Phage film receives UK debut at University of Leicester
More than 100 researchers, clinicians, and members of the public from across the UK gathered at the University of Leicester for the screening of an internationally-acclaimed documentary on Wednesday.
Guests headed to the Attenborough Film Theatre for the UK big screen debut of Salt in My Soul, based on the posthumously-published memoir of Mallory Smith, who documented her fight against cystic fibrosis through journal entries, video clips and audio recordings.
Mallory died at the age of 25 from antimicrobial resistance (AMR) to antibiotic treatments following a double lung transplant. The film shows how, in the final hours of her life, Mallory received phage therapy – a novel treatment for so-called ‘superbugs’ – of which Leicester researcher Professor Martha Clokie is considered a leading expert.
Sadly, the phages were administered too late to save Mallory’s life. But her autopsy revealed proof of concept: the phages had reached their targets and were starting to work.
Professor Clokie offered Mallory’s mother Diane Shader Smith and the film’s director, Will Battersby, an in-depth tour of Leicester’s world-leading bacteriophage lab, which seeks to identify and produce naturally-occurring phages to combat infections in patients who have otherwise stopped responding to antibiotic treatments.

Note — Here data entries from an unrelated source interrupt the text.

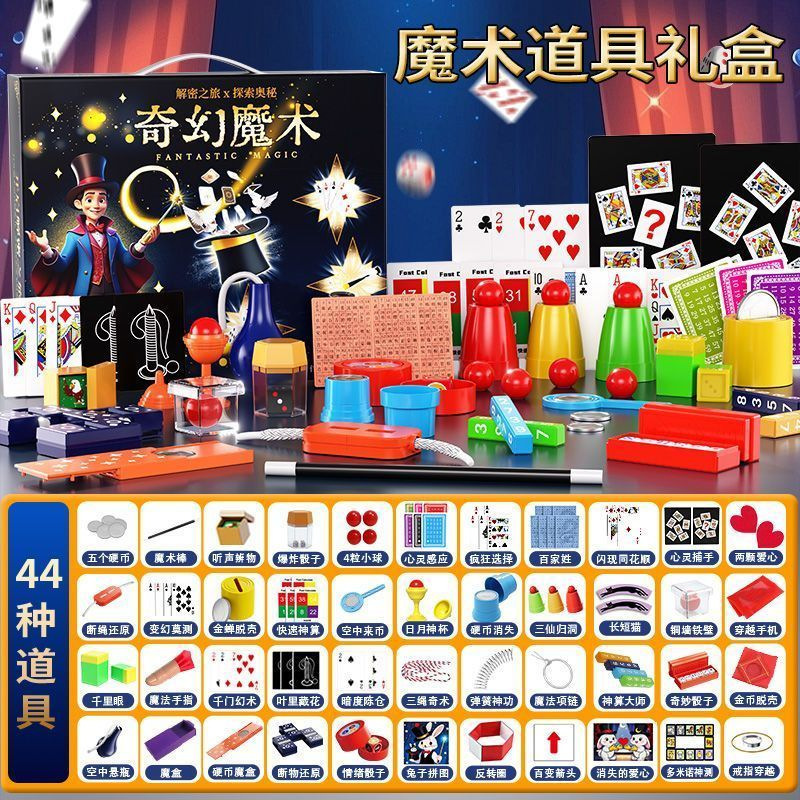 Ventas calientes accesorios mágicos puzzle caja de regalo juguetes de juego accesorios interactivo padre-hijo conjunto de magia infantil image 10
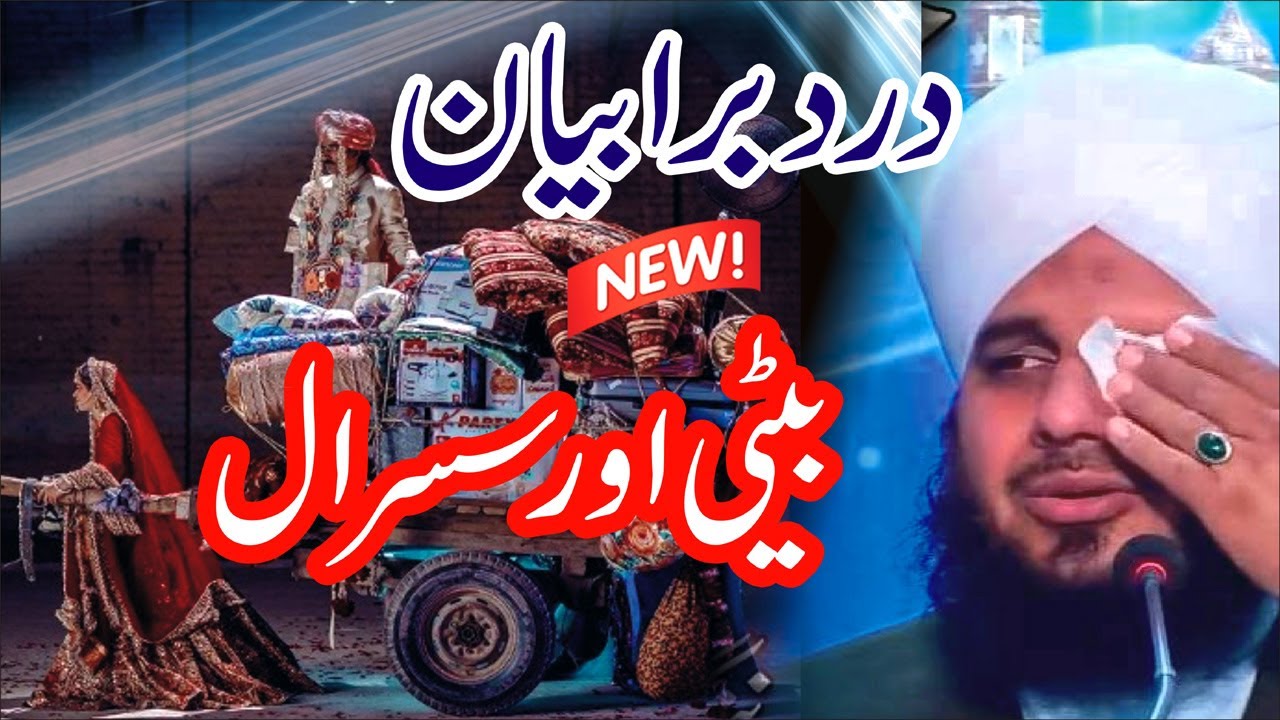 Beti ka Ghar || Peer Ajmal Raza Qadri Emotional Bayan || Life Changing  Bayan Muhammad Ajmal Qadri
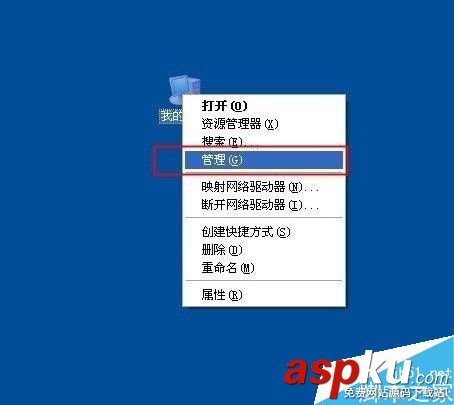 WinXP,電腦,顯示器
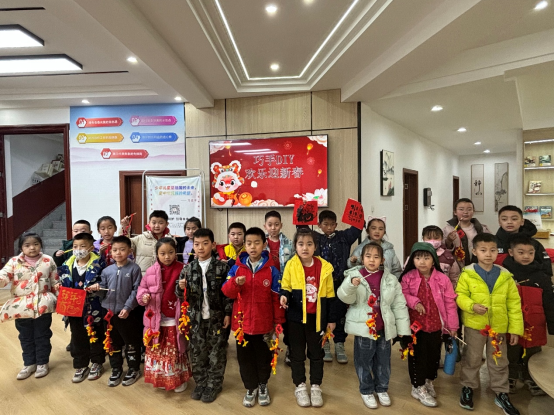 东平小学士“巧手DIY,欢乐迎新春”活动甜蜜开启~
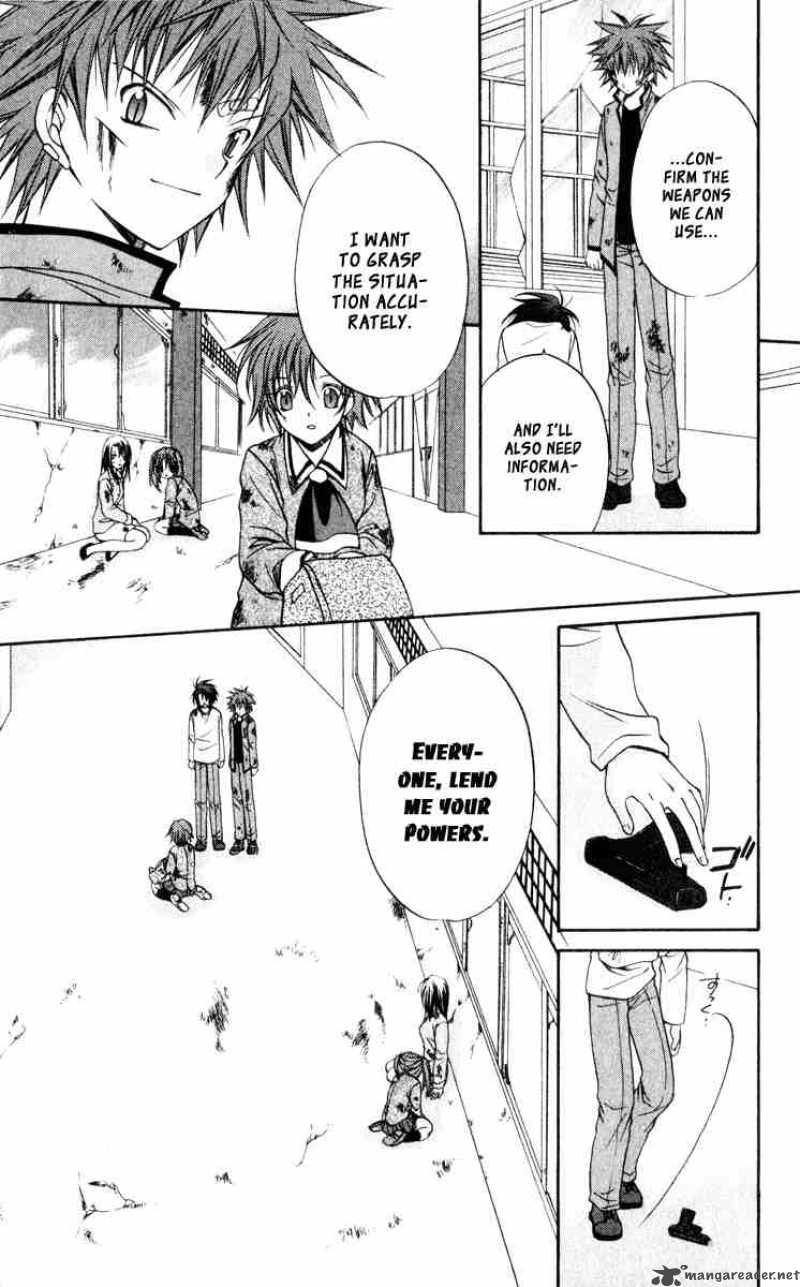Spiral Suiri No Kizuna 43 14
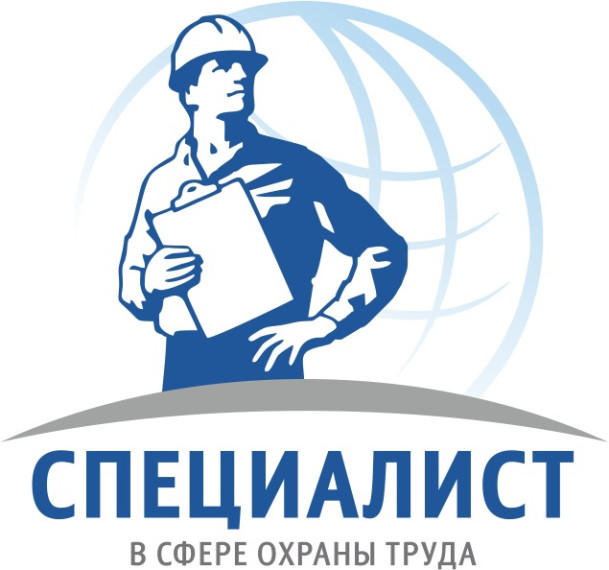 Всероссийский открытый интеллектуальный турнир "Труд-Знания-Безопасность. Специалист в сфере охраны труда". Всероссийский открытый интеллектуальный турнир "Труд-Знания-Безопасность. Специалист в сфере охраны труда".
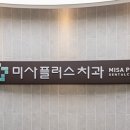 미사플러스치과 이미지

Martha Clokie, Professor of Microbiology at the University of Leicester, said: “In the same way that you or I might get a viral infection, bacteria can get viral infections too. These ‘bacteriophages’, which literally means bacteria ‘eaters’, occur in nature, and so our research involves identifying which phages combat which infections.
“Mallory’s story is hugely moving, and really shines a light on the dangers of antimicrobial resistance. Beyond the numbers of patients with AMR, she was a real person with a real story to tell, and that’s very powerful.”
Mallory Smith with her mother, Diane Shader Smith, in a still from documentary film Salt in My Soul. Credit: Giant Pictures
Diane Shader Smith, an author in her own right and editor of Mallory’s posthumous book Salt in My Soul: An Unfinished Life which inspired the film, said: “Mallory didn’t have to die. We call it a preventable tragedy. But people didn’t know enough about AMR, they didn’t really understand how phages could play a role, and it was very hard to get them for her. By the time she received them it was too late.
“We hope that both through this film and by shining a light on the phage research going on around the world – including here in Leicester – that more can be done to help people like Mallory in the future.”
Guests at the film screening also had the opportunity to hear from some of the scientists at the cutting edge of phage research as part of a panel discussion and public Q&A.
Since bacteriophages occur in nature, they cannot be trademarked in the same way as conventional drugs or treatments and therefore research in this area is largely led by not-for-profit academic researchers.
Professor Clokie hopes to become a founding member of a new UK Phage Network which would enable greater collaboration between phage researchers, and in future provide a ‘bank’ of well-understood phage therapies which could be used to treat lung infections, urinary tract infections and digestive disorders in patients who could not otherwise receive a successful course of antibiotics.
Salt in My Soul is currently available to UK viewers via Apple TV, Prime Video and Vimeo.